### [Work item]
Restate verbatim the span of lines below between the line with "à notre drone." and the line with "telegram-smartphone-cover", including those two lines, and only that span.

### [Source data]
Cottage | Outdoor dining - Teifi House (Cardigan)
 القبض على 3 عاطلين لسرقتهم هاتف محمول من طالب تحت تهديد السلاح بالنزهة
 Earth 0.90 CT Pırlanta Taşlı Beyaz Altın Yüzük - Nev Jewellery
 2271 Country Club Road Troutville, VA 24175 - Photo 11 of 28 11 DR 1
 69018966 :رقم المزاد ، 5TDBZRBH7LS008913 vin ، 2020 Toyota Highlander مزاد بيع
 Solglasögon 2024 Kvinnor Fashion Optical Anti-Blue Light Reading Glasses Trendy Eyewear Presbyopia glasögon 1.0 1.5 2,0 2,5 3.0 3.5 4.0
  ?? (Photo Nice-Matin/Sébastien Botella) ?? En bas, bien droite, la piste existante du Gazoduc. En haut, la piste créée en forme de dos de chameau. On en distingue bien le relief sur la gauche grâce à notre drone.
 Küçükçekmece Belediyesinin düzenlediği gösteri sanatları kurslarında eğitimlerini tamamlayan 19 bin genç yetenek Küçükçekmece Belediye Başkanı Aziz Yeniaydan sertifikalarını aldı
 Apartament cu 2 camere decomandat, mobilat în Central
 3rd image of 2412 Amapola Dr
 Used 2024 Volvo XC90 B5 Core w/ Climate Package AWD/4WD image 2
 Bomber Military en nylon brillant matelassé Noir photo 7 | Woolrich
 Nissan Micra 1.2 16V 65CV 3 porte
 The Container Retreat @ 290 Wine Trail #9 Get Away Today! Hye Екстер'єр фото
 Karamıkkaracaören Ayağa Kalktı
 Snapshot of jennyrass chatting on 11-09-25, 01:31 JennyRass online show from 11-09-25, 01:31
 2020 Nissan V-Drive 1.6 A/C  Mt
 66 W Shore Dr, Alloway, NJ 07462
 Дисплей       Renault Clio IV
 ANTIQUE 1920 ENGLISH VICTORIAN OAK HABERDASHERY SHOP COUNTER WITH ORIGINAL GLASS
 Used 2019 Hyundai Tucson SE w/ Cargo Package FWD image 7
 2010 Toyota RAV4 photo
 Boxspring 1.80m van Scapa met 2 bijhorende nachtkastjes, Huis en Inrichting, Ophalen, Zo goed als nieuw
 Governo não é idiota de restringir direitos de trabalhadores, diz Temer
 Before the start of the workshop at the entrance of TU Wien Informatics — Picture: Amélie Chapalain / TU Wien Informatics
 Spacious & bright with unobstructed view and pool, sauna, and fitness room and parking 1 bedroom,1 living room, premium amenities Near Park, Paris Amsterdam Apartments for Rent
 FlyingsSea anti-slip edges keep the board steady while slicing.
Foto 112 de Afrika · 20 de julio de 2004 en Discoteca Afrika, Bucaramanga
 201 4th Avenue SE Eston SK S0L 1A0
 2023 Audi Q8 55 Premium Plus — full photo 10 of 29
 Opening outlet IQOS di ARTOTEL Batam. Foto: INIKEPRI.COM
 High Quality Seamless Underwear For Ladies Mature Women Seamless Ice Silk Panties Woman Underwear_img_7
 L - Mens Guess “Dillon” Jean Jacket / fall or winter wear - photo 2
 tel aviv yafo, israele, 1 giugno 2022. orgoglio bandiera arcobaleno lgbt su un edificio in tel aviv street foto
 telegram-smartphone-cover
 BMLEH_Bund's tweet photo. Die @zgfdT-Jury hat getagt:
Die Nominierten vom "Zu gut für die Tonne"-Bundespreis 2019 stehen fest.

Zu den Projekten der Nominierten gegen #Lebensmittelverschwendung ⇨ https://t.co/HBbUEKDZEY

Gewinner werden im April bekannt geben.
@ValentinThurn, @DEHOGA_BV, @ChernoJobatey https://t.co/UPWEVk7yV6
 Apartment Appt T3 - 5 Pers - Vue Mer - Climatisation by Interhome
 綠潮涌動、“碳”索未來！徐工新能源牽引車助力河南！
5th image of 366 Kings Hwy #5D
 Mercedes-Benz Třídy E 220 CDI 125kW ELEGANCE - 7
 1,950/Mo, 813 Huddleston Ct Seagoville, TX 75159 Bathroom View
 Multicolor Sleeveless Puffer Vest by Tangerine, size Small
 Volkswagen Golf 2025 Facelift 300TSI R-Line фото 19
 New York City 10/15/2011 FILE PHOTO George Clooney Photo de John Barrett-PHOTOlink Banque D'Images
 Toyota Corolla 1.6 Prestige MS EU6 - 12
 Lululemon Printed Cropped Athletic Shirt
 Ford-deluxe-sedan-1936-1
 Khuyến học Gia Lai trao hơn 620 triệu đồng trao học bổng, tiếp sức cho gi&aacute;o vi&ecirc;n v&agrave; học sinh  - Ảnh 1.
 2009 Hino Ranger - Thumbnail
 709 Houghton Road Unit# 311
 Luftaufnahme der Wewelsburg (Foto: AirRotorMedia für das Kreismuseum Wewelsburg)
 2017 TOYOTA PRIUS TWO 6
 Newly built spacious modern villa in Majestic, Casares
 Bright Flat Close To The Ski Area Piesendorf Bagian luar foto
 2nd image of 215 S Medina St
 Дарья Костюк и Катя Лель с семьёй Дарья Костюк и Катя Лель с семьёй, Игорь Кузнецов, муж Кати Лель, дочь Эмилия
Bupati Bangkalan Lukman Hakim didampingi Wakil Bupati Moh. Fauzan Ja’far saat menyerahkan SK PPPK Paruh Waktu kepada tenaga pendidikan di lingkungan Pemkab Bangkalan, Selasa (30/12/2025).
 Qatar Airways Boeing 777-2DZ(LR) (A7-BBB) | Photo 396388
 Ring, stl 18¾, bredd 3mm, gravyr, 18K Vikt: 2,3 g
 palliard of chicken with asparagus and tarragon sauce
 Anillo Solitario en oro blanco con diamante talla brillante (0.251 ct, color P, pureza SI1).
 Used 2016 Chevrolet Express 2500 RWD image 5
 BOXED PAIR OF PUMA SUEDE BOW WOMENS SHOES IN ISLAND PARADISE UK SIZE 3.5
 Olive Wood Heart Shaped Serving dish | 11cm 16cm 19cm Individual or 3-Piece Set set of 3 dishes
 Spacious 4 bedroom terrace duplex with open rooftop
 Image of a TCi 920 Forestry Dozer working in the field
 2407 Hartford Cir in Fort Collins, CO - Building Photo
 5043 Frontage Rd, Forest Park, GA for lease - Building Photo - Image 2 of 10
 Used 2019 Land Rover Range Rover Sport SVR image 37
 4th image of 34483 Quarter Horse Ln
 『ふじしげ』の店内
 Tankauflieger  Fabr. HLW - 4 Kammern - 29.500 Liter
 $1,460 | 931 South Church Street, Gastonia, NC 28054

### [Task response]
  ?? (Photo Nice-Matin/Sébastien Botella) ?? En bas, bien droite, la piste existante du Gazoduc. En haut, la piste créée en forme de dos de chameau. On en distingue bien le relief sur la gauche grâce à notre drone.
 Küçükçekmece Belediyesinin düzenlediği gösteri sanatları kurslarında eğitimlerini tamamlayan 19 bin genç yetenek Küçükçekmece Belediye Başkanı Aziz Yeniaydan sertifikalarını aldı
 Apartament cu 2 camere decomandat, mobilat în Central
 3rd image of 2412 Amapola Dr
 Used 2024 Volvo XC90 B5 Core w/ Climate Package AWD/4WD image 2
 Bomber Military en nylon brillant matelassé Noir photo 7 | Woolrich
 Nissan Micra 1.2 16V 65CV 3 porte
 The Container Retreat @ 290 Wine Trail #9 Get Away Today! Hye Екстер'єр фото
 Karamıkkaracaören Ayağa Kalktı
 Snapshot of jennyrass chatting on 11-09-25, 01:31 JennyRass online show from 11-09-25, 01:31
 2020 Nissan V-Drive 1.6 A/C  Mt
 66 W Shore Dr, Alloway, NJ 07462
 Дисплей       Renault Clio IV
 ANTIQUE 1920 ENGLISH VICTORIAN OAK HABERDASHERY SHOP COUNTER WITH ORIGINAL GLASS
 Used 2019 Hyundai Tucson SE w/ Cargo Package FWD image 7
 2010 Toyota RAV4 photo
 Boxspring 1.80m van Scapa met 2 bijhorende nachtkastjes, Huis en Inrichting, Ophalen, Zo goed als nieuw
 Governo não é idiota de restringir direitos de trabalhadores, diz Temer
 Before the start of the workshop at the entrance of TU Wien Informatics — Picture: Amélie Chapalain / TU Wien Informatics
 Spacious & bright with unobstructed view and pool, sauna, and fitness room and parking 1 bedroom,1 living room, premium amenities Near Park, Paris Amsterdam Apartments for Rent
 FlyingsSea anti-slip edges keep the board steady while slicing.
Foto 112 de Afrika · 20 de julio de 2004 en Discoteca Afrika, Bucaramanga
 201 4th Avenue SE Eston SK S0L 1A0
 2023 Audi Q8 55 Premium Plus — full photo 10 of 29
 Opening outlet IQOS di ARTOTEL Batam. Foto: INIKEPRI.COM
 High Quality Seamless Underwear For Ladies Mature Women Seamless Ice Silk Panties Woman Underwear_img_7
 L - Mens Guess “Dillon” Jean Jacket / fall or winter wear - photo 2
 tel aviv yafo, israele, 1 giugno 2022. orgoglio bandiera arcobaleno lgbt su un edificio in tel aviv street foto
 telegram-smartphone-cover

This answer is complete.